Tuesday, October 14, 2008

The Wilting of a Money Tree



Apparently, 10 million subscribers isn't paying the bills for Blizzard. Unable to harvest their current crop of money tree's and hurting for cash since the merger with Activision, it appears that Diablo 3 will be all about the DLC (Down loadable content) using their "Still Free for Now" player matching service, Battle.Net.

"We are looking to monetize Battle.Net so that we get to keep making these games and updating features," said Diablo III director Jay Wilson. "We kind of have to."

Quoting another source close to the decision, "We just can't afford to wax our yachts every day. I've personally had to lay off one of my 20 gardeners working at the 50 acre animal compound in Africa. It's just tragic. This decision to charge for things, that in the past we have provided for free should help ease the pain."

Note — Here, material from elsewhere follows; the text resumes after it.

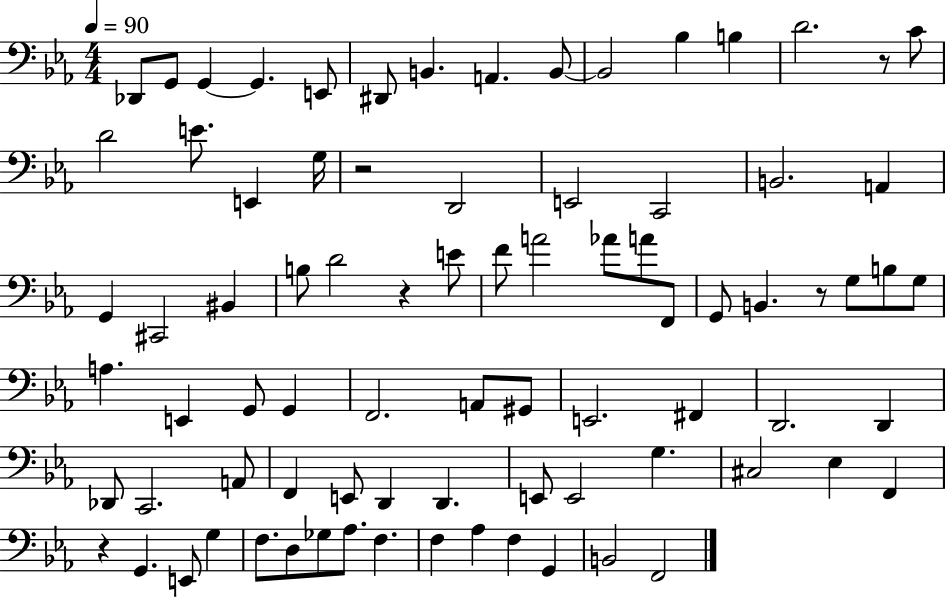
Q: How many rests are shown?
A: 5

If that news wasn't bad enough,with regret in his voice and tears in his eyes, Blizzard’s Vice President of Game Design Rob Pardo announced that the campaign version of StarCraft 2 will be a trilogy, each part focusing on a separate race. "It's a separate product. Look at the next two as expansion packs, but will have the feel of stand alone products."

Citing a source close to Pardo, "He really wanted to release it as one product so the players could enjoy all the gaming goodness at once, but with the economic crisis, he knew if he was going to afford that trip in to space he had planned for 2010, he would have to pass the cost on to the players."

Continuing with the plan to keep their company a float, World of Warcraft production boss J Allen Brack apparently confirmed at BlizzCon session this weekend that paid character customisation is on the way to World of Warcraft. From this Warcry report:

When asked to expand upon a button found by sifting through the Lich King beta’s data files named “Paid Character Customization,” Brack initially hesitated to give any answer at all. Several questions later, he went back to the matter, saying that he could, in fact, confirm that World of Warcraft would eventually have some form of paid character customization, though they themselves hadn’t yet worked out any details.
With Warhammer's aggressive attack on the MMO market and the lack of good ink to print their own money, Blizzard is heading down skid row. It won't be long before the execs at Blizzard might actually have to cut back on the Hummers and Cesna planes.

And we can't have that.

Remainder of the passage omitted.